China should not save Europe

December 03rd, 2011 |

There are five reasons why participation in any bailout plan for the Eurozone area is not in China’s best interest.

First, the fiscal payback is not good. So far, no fruit has been borne by China’s financial adventures in overseas markets. Investments in the Blackstone Group, Morgan Stanley and Rio Tinto Group have all failed. Since state-owned financial institutions mix business and politics, decision-making is often arduous. These failures have proven, thus far, that China’s state financial system is not capable of selecting and operating overseas investments.

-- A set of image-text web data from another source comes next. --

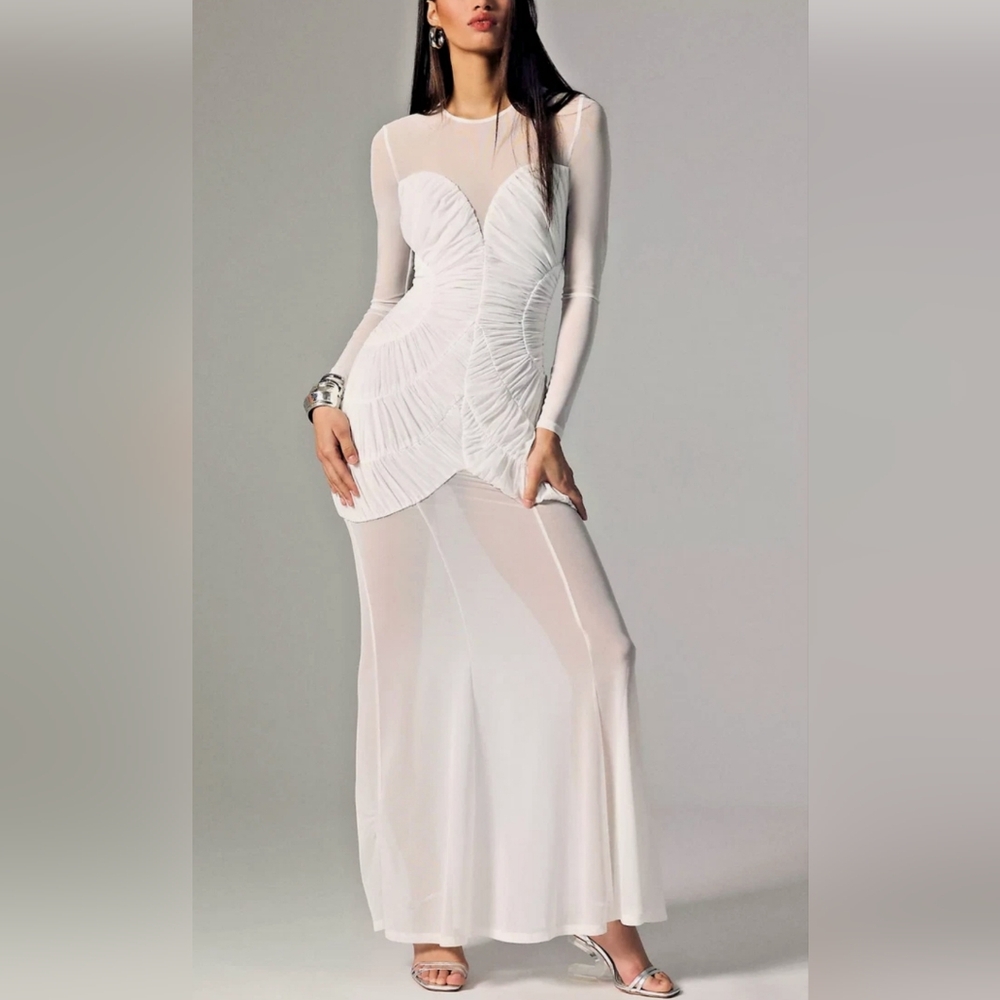 Anthropologie Maxi Dress. Misha Ivory Talitha Evening. Sz Small NWT.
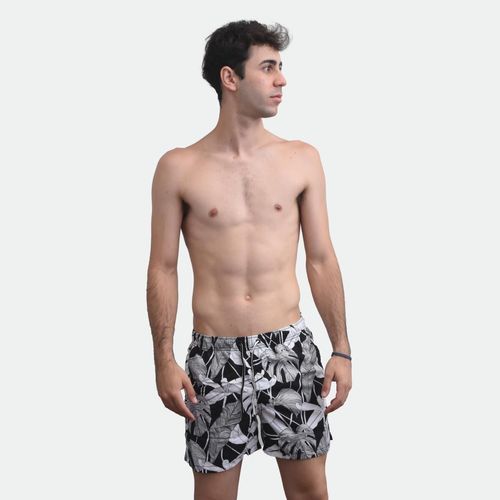 Boardshort Printed 1118446 - NEGRO BLANCO PALMERA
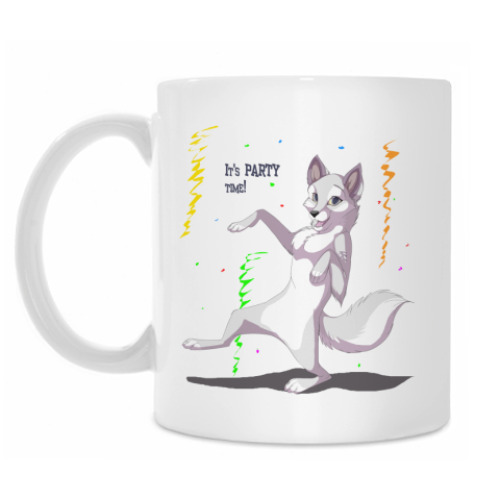 Кружка с принтом It's party time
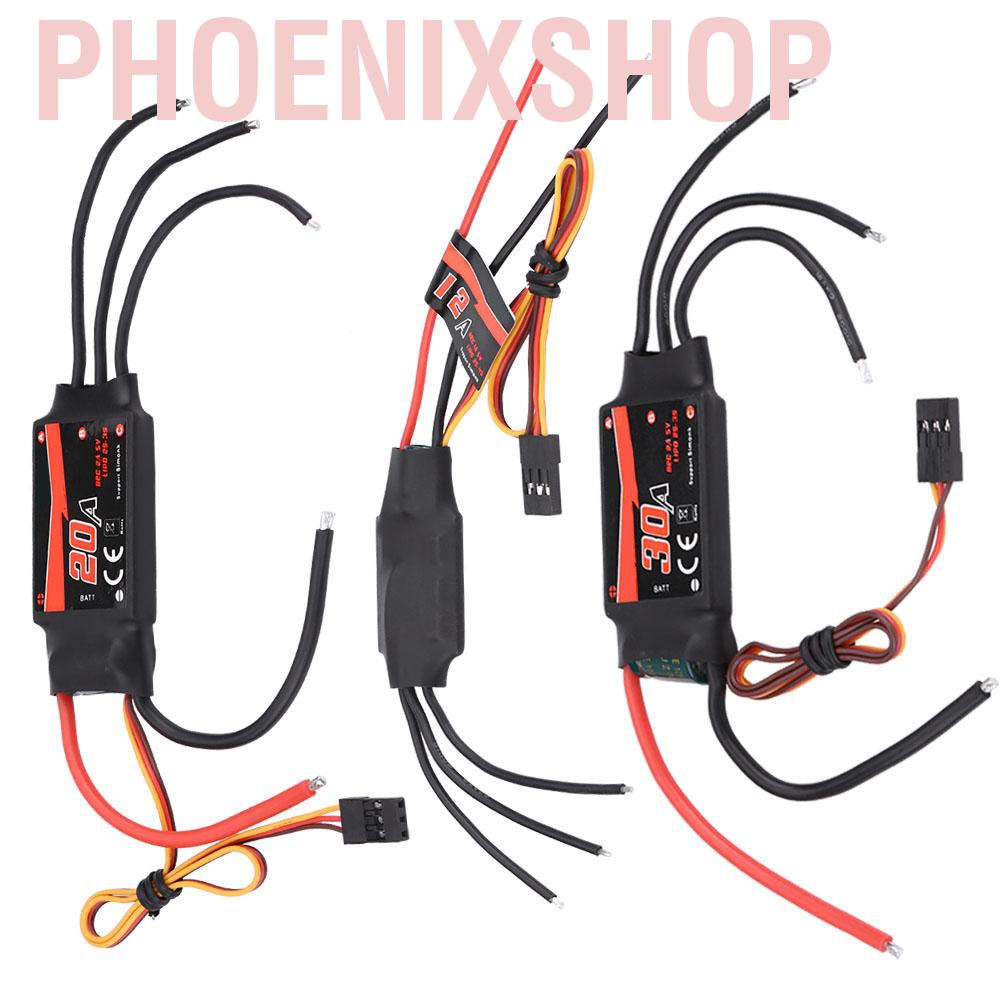 Esc 12a 20a 30a Esc 2-3s Cho Máy Bay Điều Khiển 130-210mm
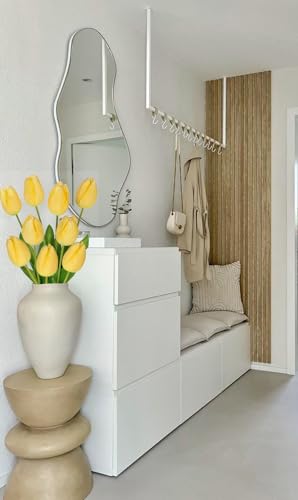 6PCS 23" Fake Tulip Flowers Artificial Yellow Tulips Long Stem Faux Flower, Silk Flower Décor for Floral Arrangement Home Farmhouse Wedding Decoration - color: Yellow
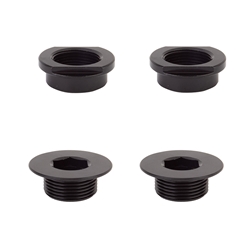 FORK BOX 20mm TO 10mm AXLE ADAPTER SET BK 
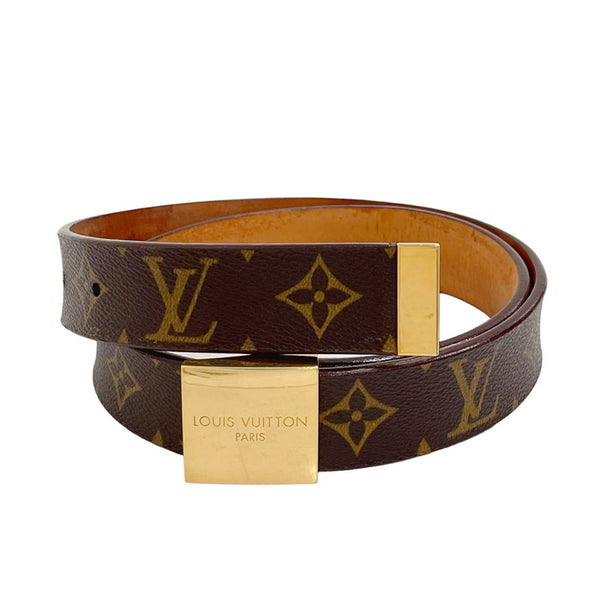 【LOUIS VUITTON/ルイ・ヴィトン】 モノグラム M6800 サンチュール・キャレ ベルト ブラウン メンズ【中古】【真子質店 – 真子質店  PawnShopMAKO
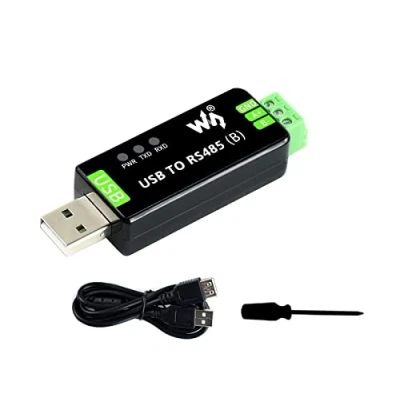 Bild av Waveshare Industriell USB till RS485 konverteringsadapter med original CH343G och SP485EEN 300 bps 3 Mbps Baudrat inbyggt belysningssäkert rör, återställningsbar säkring, ESD TVS skyddskretsar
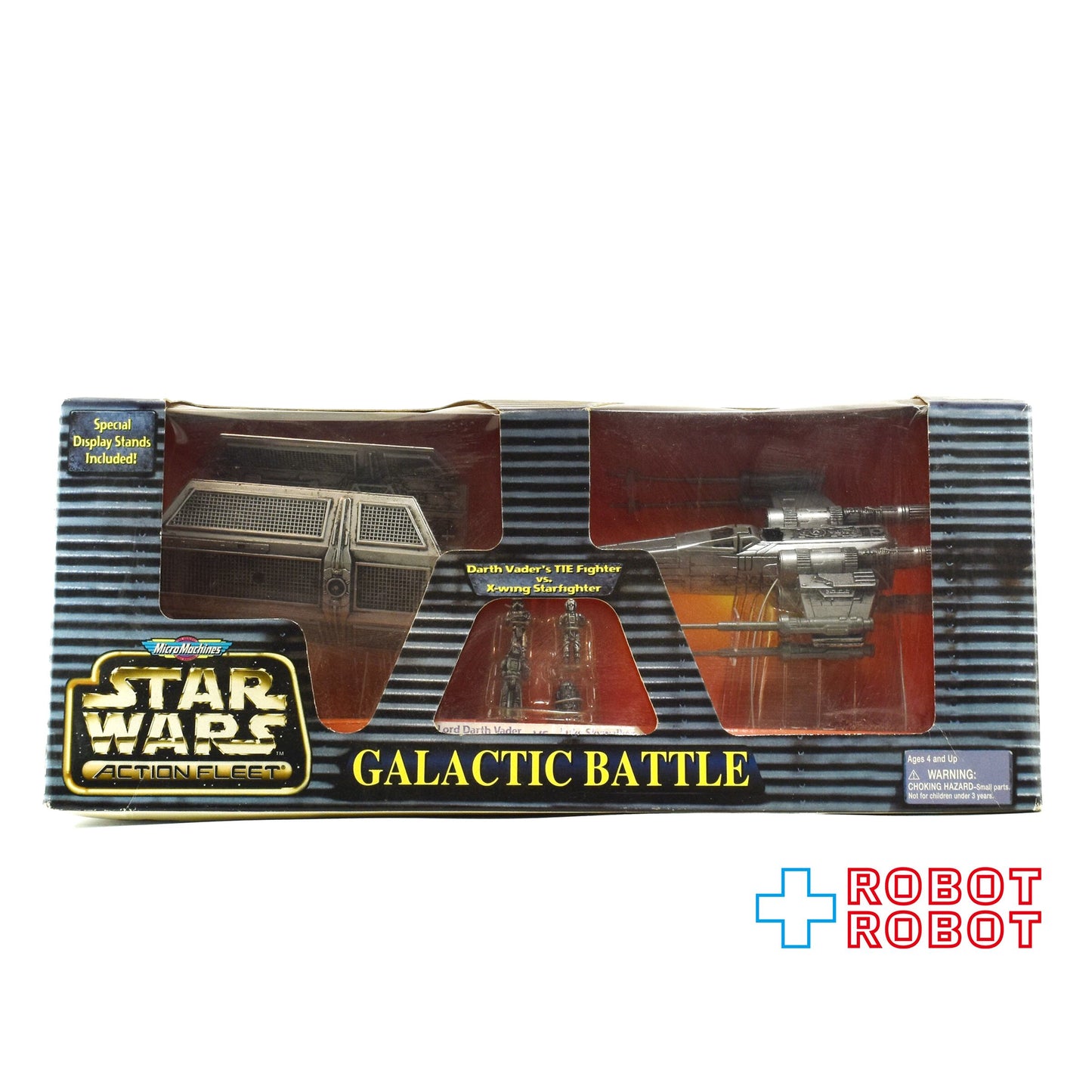 ツクダ スター・ウォーズ アクションフリート ギャラクティック・バトル ダース・ベイダーのタイ・ファイター &  X-ウイング・スターファイター ダイキャスト ビークル 国内版 未開封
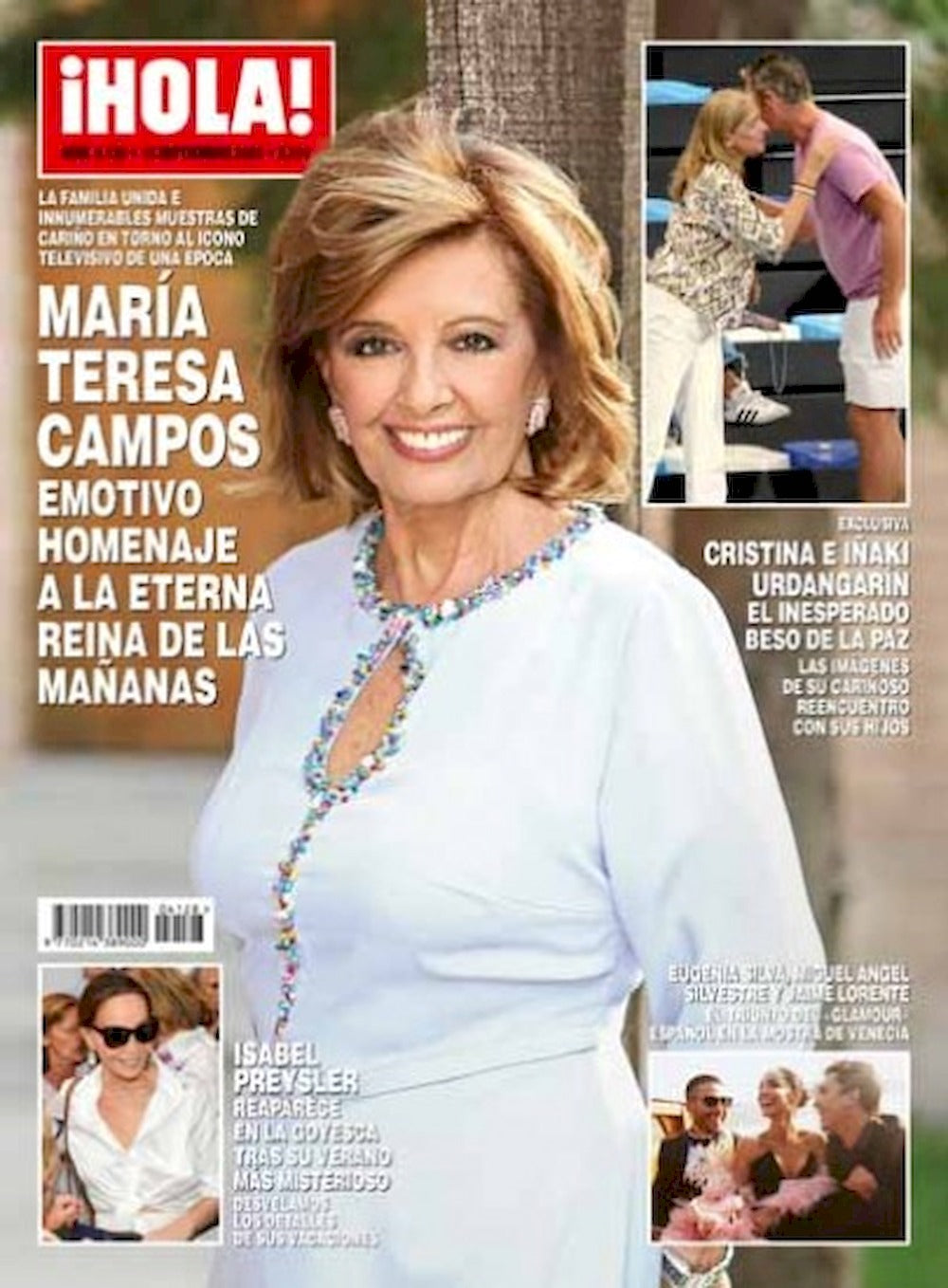 Hola Magasin Spanien 2023 #4128 María Teresa Campos Isabel Preysler Originaludgave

Secondly, Europe will not repay China’s assistance politically. Although multinational corporations like BMW, Mercedes-Benz and Carrefour make huge profits in China, the European media and politicians blame China for their unemployment woes. The European Union’s refusal to recognize China’s market economy is solid proof of prevalent attitudes towards China in the region. The EU’s discontent with China is growing with the worsening of Eurozone debt crisis. Assistance in a bailout may result in further worries about China’s true intentions, harboring even stronger opposition from critics.

Thirdly, China’s assistance would greatly weaken German influence in Europe, and imbed China in the quagmire of European politics. China needs at least ten more years before it will be poised take on issues related to handling of European affairs.

Fourthly, such a large-scale involvement in the European crisis is unfair to the Chinese people. Chinese workers work just as hard as Europeans, but can only earn one tenth of their incomes. In China, there are still large income disparities between the rich and the poor. Such a bailout presents moral issues as to what populations Chinese public funds should help first.

Fifthly, Europe has enough sources to resolve the crisis in its own right. The total debt of Greece is 350 billion euros. But the Eurozone’s GDP surpassed 8 trillion euros last year with no trade deficit. The debt crisis is about the internal distribution of wealth within the EU area. If Europe still has the ability to help itself, a bailout from China seems even less justified.

China can help Europe and the rest of the world by continuing to provide economic opportunities that lead to more jobs and positive returns for foreign enterprises. To continue this trend, China should launch its international board as soon as possible. This can build new financial channels for global corporations to increase their investments and employ more workers.

In addition, China should further stimulate its own domestic consumption with tax cuts. The transferring of business taxes in the service sector to a nationally-administered value-added tax is an important step forward. China should further cut value-added taxes, individual income taxes and logistics costs.

Specifically, value-added taxes could be reduced to 12 percent from 17 percent, and top tier tax rates for individual income tax could be reduced from 45 percent to 25 percent. Moreover, logistics costs per unit of GDP in China are twice that in other countries. China can boost consumption by cutting the highway tolls and harbor usage fees.

Of course, the tax cuts will reduce government revenues. But the government is already spending too much, and not spending efficiently enough. The redistribution of resources from tax cuts will be beneficial to the country and encourage fiscal reform.

In the long run, China must focus on improving technology and support further innovation in its industrial sector. The key to increasing per-capita income from USD $5,000 to USD $15,000 over the next ten years is to update China’s industrial sector. China should learn from Germany and Japan in this regard.

The future of China lies in improving productivity, not demand. The focus should not be on boosting weak global demand, but rather to bring global corporations into China’s economy through capital market and technology investment.